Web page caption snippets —
******

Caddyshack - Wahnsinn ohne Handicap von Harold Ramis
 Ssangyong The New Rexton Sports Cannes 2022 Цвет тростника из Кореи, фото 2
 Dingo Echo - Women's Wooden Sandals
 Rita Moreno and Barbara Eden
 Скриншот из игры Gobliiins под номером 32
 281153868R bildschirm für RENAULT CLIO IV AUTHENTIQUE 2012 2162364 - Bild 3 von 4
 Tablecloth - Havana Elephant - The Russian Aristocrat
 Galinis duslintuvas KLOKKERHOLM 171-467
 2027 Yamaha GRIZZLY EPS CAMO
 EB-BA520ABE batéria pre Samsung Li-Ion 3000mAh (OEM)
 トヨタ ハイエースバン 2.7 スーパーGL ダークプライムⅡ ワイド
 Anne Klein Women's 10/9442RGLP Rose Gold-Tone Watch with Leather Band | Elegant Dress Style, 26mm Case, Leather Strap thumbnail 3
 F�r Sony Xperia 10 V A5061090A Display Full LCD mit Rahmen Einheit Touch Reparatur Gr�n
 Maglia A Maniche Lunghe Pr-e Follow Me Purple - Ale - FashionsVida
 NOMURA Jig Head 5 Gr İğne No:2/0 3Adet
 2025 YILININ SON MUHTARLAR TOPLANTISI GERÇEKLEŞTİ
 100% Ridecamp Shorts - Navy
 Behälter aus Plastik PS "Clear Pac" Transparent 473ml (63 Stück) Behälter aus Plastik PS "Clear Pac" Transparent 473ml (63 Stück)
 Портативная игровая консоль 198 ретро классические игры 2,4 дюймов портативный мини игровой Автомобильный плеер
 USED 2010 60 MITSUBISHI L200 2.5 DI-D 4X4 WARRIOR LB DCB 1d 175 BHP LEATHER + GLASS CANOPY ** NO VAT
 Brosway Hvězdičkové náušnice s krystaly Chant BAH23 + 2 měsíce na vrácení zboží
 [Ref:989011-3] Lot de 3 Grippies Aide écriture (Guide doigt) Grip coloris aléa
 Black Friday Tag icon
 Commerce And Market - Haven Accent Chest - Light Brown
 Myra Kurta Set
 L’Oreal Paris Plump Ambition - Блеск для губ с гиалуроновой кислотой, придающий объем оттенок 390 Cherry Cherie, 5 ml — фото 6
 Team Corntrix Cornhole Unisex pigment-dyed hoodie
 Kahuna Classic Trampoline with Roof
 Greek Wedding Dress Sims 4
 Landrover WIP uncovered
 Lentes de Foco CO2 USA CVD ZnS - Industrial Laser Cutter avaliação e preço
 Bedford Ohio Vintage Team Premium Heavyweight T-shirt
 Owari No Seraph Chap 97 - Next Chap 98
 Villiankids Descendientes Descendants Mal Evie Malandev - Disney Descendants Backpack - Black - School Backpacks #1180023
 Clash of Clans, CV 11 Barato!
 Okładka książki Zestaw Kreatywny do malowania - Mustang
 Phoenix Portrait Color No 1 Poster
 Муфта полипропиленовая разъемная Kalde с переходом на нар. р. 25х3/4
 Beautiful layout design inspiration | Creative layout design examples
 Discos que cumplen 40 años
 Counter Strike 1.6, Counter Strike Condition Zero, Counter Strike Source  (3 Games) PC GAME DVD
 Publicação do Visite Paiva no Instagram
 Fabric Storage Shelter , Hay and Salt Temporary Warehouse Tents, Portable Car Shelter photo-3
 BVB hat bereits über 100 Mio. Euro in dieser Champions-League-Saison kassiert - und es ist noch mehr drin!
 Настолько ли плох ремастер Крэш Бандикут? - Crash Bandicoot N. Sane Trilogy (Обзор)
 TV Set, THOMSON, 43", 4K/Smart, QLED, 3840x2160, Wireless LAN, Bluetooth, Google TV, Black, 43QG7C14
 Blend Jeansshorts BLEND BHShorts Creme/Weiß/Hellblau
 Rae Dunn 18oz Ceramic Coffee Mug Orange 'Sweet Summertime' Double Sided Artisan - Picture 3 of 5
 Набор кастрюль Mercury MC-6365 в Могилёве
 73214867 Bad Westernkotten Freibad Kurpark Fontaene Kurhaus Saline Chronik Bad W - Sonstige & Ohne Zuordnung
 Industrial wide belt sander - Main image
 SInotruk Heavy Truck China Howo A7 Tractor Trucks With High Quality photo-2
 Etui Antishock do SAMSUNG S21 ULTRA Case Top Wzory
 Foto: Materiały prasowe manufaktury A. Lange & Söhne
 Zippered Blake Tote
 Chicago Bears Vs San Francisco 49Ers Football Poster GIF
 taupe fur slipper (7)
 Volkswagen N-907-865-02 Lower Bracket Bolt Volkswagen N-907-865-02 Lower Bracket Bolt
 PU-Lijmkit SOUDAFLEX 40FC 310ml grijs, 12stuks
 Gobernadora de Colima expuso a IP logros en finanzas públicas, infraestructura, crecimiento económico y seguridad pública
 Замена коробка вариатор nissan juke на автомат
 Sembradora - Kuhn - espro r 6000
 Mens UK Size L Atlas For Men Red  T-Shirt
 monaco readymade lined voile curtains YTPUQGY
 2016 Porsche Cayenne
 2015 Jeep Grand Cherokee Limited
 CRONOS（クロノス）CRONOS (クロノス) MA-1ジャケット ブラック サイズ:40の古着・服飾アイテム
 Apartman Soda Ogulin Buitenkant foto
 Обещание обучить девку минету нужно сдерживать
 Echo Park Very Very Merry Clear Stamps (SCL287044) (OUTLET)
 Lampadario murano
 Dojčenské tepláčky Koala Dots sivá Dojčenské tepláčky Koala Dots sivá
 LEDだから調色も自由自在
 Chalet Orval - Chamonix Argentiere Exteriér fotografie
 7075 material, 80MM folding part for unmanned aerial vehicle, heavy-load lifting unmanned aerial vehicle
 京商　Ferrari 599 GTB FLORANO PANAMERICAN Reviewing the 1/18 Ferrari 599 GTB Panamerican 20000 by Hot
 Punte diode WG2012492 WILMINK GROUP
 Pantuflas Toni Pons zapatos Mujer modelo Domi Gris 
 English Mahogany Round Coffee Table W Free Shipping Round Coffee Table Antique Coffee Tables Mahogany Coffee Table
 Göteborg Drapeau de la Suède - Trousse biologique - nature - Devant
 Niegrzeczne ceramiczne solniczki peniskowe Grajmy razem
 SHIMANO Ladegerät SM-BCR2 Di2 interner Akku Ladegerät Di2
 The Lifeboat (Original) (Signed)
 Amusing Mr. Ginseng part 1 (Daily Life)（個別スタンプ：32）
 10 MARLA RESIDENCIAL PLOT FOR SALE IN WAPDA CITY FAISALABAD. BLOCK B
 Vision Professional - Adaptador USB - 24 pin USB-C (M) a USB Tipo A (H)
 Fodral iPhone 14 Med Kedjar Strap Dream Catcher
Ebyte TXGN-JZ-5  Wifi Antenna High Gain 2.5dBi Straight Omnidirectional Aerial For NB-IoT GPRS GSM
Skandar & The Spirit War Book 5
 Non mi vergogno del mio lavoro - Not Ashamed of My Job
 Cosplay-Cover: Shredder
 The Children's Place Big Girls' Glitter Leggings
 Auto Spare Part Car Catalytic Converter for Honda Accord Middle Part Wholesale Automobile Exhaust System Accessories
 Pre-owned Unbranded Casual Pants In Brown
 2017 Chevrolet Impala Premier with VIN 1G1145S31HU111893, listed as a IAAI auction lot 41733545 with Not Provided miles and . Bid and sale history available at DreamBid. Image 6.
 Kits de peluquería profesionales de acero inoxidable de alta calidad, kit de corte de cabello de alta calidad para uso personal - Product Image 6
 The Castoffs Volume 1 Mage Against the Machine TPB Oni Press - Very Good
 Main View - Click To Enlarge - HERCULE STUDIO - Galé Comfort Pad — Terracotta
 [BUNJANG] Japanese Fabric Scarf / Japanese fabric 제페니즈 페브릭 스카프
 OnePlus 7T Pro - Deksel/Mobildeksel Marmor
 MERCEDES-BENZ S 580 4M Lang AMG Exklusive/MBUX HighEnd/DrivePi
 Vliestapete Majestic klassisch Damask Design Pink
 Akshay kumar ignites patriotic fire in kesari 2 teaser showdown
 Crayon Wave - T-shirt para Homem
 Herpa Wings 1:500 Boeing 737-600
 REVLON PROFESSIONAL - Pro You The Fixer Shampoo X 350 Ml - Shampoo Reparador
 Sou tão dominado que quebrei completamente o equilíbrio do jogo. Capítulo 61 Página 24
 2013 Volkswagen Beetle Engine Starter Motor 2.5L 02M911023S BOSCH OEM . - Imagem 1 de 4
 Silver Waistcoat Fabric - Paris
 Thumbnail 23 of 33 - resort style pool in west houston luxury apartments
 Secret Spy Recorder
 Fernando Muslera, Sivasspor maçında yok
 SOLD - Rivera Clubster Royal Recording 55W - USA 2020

******

Task details —
An exact, complete copy of the lines above from the one with "Crayon Wave - T-shirt para Homem" through the one with "Sou tão dominado" is the whole answer.

Reply to the exercise —
 Crayon Wave - T-shirt para Homem
 Herpa Wings 1:500 Boeing 737-600
 REVLON PROFESSIONAL - Pro You The Fixer Shampoo X 350 Ml - Shampoo Reparador
 Sou tão dominado que quebrei completamente o equilíbrio do jogo. Capítulo 61 Página 24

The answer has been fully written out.